What to produce: Exact repetition of a range: find the line containing "Набор 4 шт Стул" and the line containing "Halloween_ZombieBride_colouredin" in the material below, then repeat both and all lines between them, leaving pictures out.
** Opening Supplied records block **
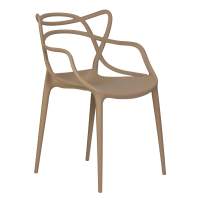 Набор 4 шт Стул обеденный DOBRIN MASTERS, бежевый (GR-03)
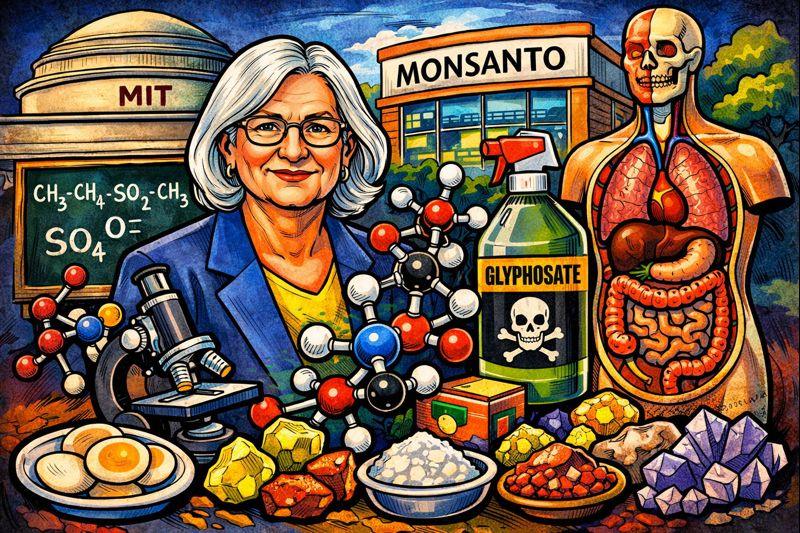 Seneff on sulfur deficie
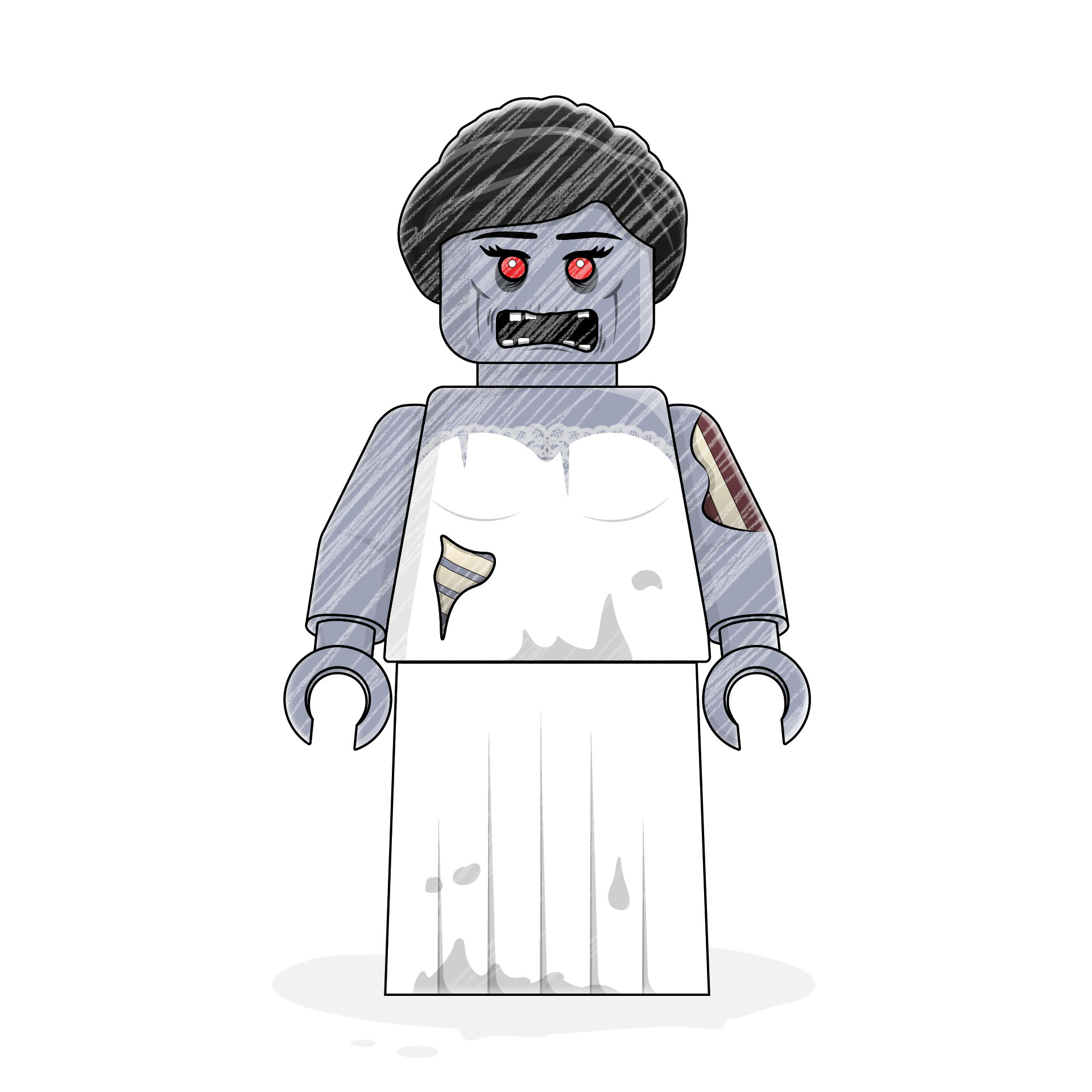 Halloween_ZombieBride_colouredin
** Closing Supplied records block **
** Opening Supplied records block **
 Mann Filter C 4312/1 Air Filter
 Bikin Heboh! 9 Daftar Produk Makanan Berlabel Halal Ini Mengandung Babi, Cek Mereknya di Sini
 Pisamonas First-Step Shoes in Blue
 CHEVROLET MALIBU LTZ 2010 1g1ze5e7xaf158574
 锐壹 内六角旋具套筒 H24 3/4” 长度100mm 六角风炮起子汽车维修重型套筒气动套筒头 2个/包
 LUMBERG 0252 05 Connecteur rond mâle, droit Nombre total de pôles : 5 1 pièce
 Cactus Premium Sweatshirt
** Closing Supplied records block **
** Opening Supplied records block **
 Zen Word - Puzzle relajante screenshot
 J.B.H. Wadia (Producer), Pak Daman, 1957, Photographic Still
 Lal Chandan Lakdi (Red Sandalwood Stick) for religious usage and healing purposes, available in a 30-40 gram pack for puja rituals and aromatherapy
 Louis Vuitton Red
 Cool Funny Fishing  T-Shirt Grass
** Closing Supplied records block **
Output for this exercise:
 Набор 4 шт Стул обеденный DOBRIN MASTERS, бежевый (GR-03)
 Seneff on sulfur deficie
 Halloween_ZombieBride_colouredin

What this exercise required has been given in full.